Harper writes so eloquently about the City of Angels that L.A. feels like one of the characters in the novel. But his vision of the city doesn't include many angels. Before he started writing fiction, Harper worked in television as a writer for the CBS drama series "The Mentalist."
"The Mentalist" was a drama series that aired on CBS from 2008 to 2015. The show focused on Patrick Jane, played by Simon Baker, who worked as a consultant for the California Bureau of Investigation, or the CBI. He used his supposed powers as a psychic medium to help CBI agents solve murders. Patrick Jane worked with law enforcement in order to track down the serial killer who had murdered his wife and daughter.

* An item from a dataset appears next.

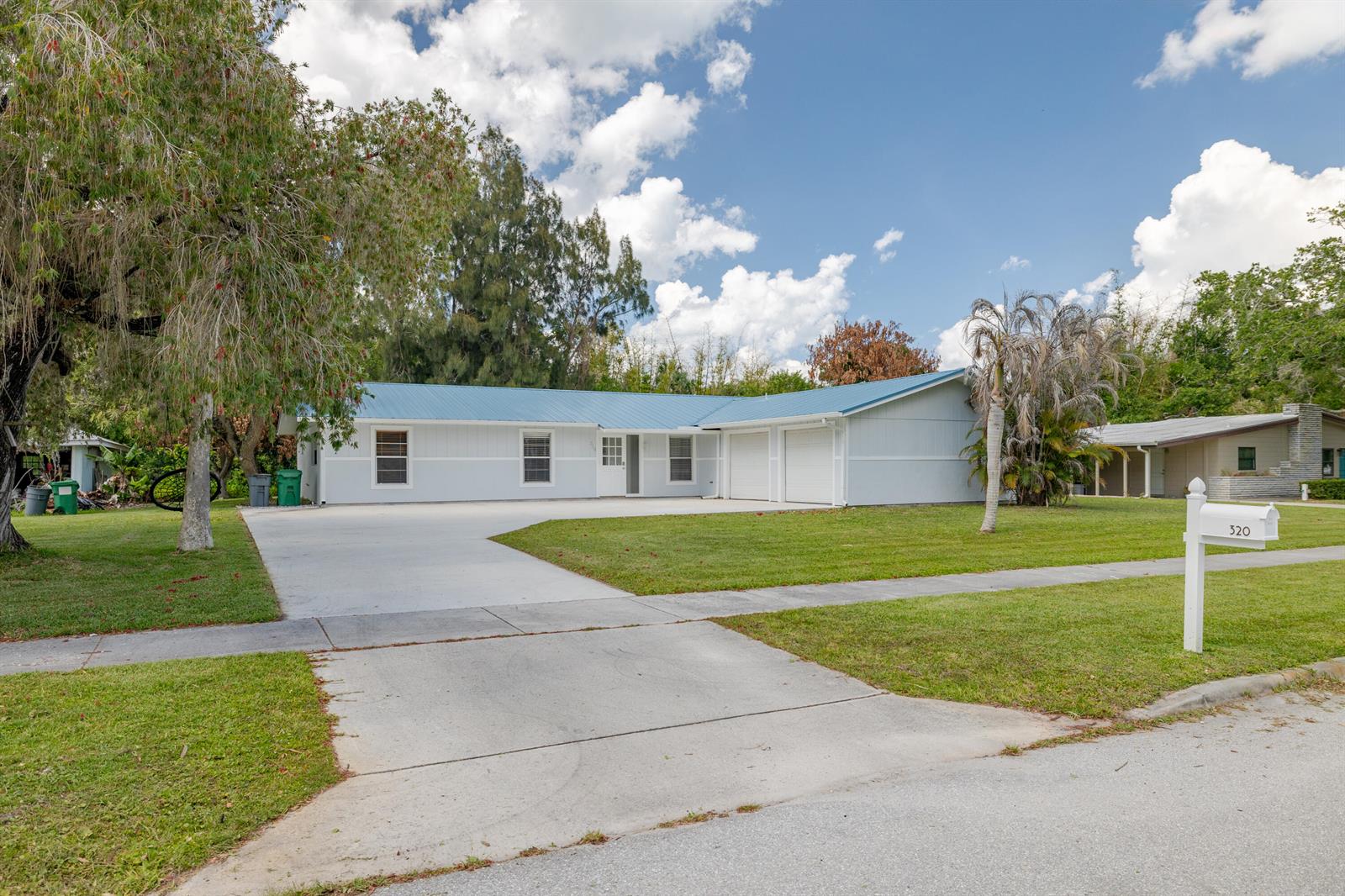 A light-colored single-story house with a blue metal roof and an attached two-car garage — 320 Chamberlain Boulevard, Fort Pierce FL 34946, FORT PIERCE, FL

"I learned by helping produce over 140 episodes of the show, and writing 14 of them, a really strong sense of structure and storytelling that I would equate to like maybe if somebody learned how to do architectural drawings before becoming an artist," Harper told Wisconsin Public Radio's "BETA." "It's the most precise and mechanical form of storytelling you can do. And I think it's a really strong base to start off with."
Pivoting from writing for TV to writing novels
Harper wrote crime-based short stories before turning his attention to novels. One of his short stories was adapted into a script, which helped him get a job in television.
"I've always had fiction as a primary thing that I wanted to do," he explained. "But as much as I loved writing for 'The Mentalist,' it was such a relief to get to write in a world where I didn't have to worry about studio notes or network rules about what you can and can't do and to write something that was just more purely what I wanted to do as a storyteller."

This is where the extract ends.